Extracted material.

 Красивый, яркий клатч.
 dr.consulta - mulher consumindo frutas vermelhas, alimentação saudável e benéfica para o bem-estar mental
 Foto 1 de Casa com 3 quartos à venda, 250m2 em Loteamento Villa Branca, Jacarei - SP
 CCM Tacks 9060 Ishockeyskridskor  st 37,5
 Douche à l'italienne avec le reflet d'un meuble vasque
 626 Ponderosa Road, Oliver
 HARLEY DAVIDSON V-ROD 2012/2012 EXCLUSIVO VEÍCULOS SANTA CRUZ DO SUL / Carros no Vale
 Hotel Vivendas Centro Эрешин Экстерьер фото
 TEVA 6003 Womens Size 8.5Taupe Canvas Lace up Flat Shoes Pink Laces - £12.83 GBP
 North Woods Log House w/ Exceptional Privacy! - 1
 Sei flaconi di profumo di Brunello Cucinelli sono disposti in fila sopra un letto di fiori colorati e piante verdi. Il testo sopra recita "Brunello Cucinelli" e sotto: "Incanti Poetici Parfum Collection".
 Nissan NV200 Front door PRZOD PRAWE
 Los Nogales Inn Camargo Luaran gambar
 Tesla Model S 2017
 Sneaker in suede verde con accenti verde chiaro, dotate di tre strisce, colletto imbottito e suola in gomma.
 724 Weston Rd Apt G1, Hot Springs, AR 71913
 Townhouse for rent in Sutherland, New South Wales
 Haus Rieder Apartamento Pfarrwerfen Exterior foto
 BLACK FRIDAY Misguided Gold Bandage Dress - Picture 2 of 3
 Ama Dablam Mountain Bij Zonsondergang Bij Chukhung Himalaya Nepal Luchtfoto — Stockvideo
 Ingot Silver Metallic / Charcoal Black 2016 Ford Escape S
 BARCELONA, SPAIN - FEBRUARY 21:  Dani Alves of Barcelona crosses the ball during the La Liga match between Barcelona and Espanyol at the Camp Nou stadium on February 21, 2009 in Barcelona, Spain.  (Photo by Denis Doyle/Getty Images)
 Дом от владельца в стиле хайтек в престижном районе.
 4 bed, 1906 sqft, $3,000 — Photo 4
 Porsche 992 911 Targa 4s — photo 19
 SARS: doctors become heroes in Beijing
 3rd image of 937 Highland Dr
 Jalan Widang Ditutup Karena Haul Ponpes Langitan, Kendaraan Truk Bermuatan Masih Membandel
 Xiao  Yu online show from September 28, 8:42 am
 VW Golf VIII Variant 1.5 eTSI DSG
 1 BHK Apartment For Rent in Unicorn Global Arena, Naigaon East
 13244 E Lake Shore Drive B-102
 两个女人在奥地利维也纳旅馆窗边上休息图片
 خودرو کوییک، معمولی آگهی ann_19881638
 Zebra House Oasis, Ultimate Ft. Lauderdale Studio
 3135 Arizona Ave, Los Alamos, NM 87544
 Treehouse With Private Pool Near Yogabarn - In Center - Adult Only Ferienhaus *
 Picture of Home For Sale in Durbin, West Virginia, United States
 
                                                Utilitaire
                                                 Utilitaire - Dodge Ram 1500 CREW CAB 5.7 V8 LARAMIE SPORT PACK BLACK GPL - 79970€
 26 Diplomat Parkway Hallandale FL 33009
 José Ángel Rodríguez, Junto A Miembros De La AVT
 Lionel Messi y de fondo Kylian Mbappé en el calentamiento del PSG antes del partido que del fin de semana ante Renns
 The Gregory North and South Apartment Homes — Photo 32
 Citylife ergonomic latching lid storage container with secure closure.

Exercise. Looking at the data above, write out exactly the lines that start at the one containing "BLACK FRIDAY Misguided" and end at the one containing "José Ángel Rodríguez, Junto"; include both and nothing beyond.

Expected output.
 BLACK FRIDAY Misguided Gold Bandage Dress - Picture 2 of 3
 Ama Dablam Mountain Bij Zonsondergang Bij Chukhung Himalaya Nepal Luchtfoto — Stockvideo
 Ingot Silver Metallic / Charcoal Black 2016 Ford Escape S
 BARCELONA, SPAIN - FEBRUARY 21:  Dani Alves of Barcelona crosses the ball during the La Liga match between Barcelona and Espanyol at the Camp Nou stadium on February 21, 2009 in Barcelona, Spain.  (Photo by Denis Doyle/Getty Images)
 Дом от владельца в стиле хайтек в престижном районе.
 4 bed, 1906 sqft, $3,000 — Photo 4
 Porsche 992 911 Targa 4s — photo 19
 SARS: doctors become heroes in Beijing
 3rd image of 937 Highland Dr
 Jalan Widang Ditutup Karena Haul Ponpes Langitan, Kendaraan Truk Bermuatan Masih Membandel
 Xiao  Yu online show from September 28, 8:42 am
 VW Golf VIII Variant 1.5 eTSI DSG
 1 BHK Apartment For Rent in Unicorn Global Arena, Naigaon East
 13244 E Lake Shore Drive B-102
 两个女人在奥地利维也纳旅馆窗边上休息图片
 خودرو کوییک، معمولی آگهی ann_19881638
 Zebra House Oasis, Ultimate Ft. Lauderdale Studio
 3135 Arizona Ave, Los Alamos, NM 87544
 Treehouse With Private Pool Near Yogabarn - In Center - Adult Only Ferienhaus *
 Picture of Home For Sale in Durbin, West Virginia, United States
 
                                                Utilitaire
                                                 Utilitaire - Dodge Ram 1500 CREW CAB 5.7 V8 LARAMIE SPORT PACK BLACK GPL - 79970€
 26 Diplomat Parkway Hallandale FL 33009
 José Ángel Rodríguez, Junto A Miembros De La AVT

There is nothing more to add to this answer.